There was a full page article in the Metro this morning about organising Christmas parties (which wasn’t actually an article but more of a full page advertisement for the Connaught Rooms – this annoyed me actually. I mean at least be honest about it. If you’re going to call your laughable rag a newspaper, at least try and maintain some basic standards of journalistic integrity, like for instance, not trying to pass off an advert as an advice piece).
Which is quite depressing really, given that it’s still only mid October.
But anyway, I thought that if this is the kind of thing that people are starting to think about then I’d offer some advice to those of you who have decided to choose the Taps for your Christmas drink up.
[Yes Civic Centre people, I’m looking at you]
1. Go somewhere else.
Oh, alright…
1. Practice. I mean it. Practice. Don’t be that amateur Christmas drinker that we all hate.

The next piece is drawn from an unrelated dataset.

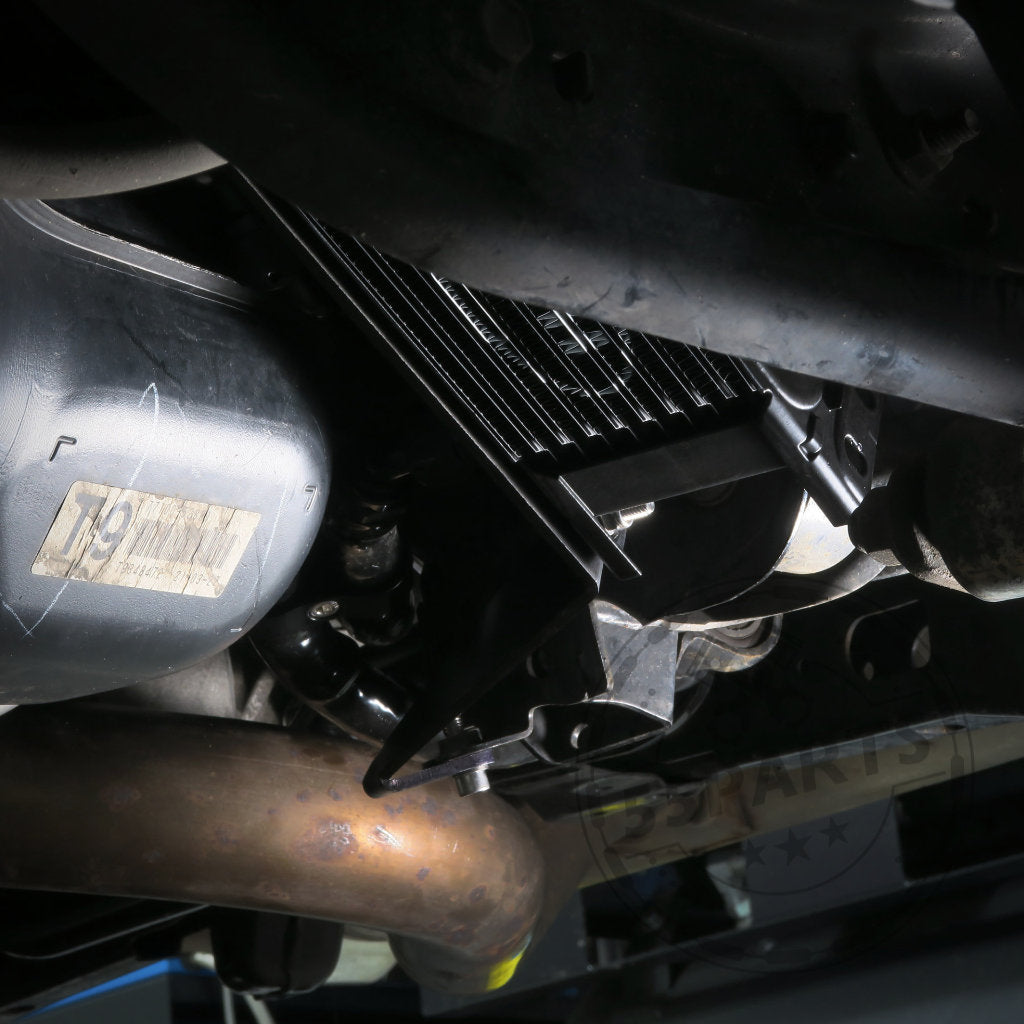 Nahaufnahme des Fahrgestells eines Toyota GR Yaris mit hervorgehobenen Metallkomponenten, Auspuffrohren, Antriebsstrang und dem HEL Performance Plug and Play Differential-Kühlungskit Hinterachse Special.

Don’t just go out once a year, get completely hammered on three pints/half a bottle of wine, act like a knob, throw up on the floor and then fall asleep in the corner.
Practice.
Really, you’re allowed to go out more than once a year. No, honestly, you are. Try it. Go out on Friday in fact. Sit down at a table and have a couple of pints. Try that again the next week. You might enjoy it.
2. Do not all stand in front of the door. You are allowed in. Don’t be afraid. Go and sit at a table. Have a chat. Sing along to the songs. Wear party hats. Play drinking games. Whatever paddles your canoe.
Just don’t all stand in front of the door.
3. Do a whip. Do not individually order your drinks. Entrust your money to one person and let them order. The bar staff will thank you.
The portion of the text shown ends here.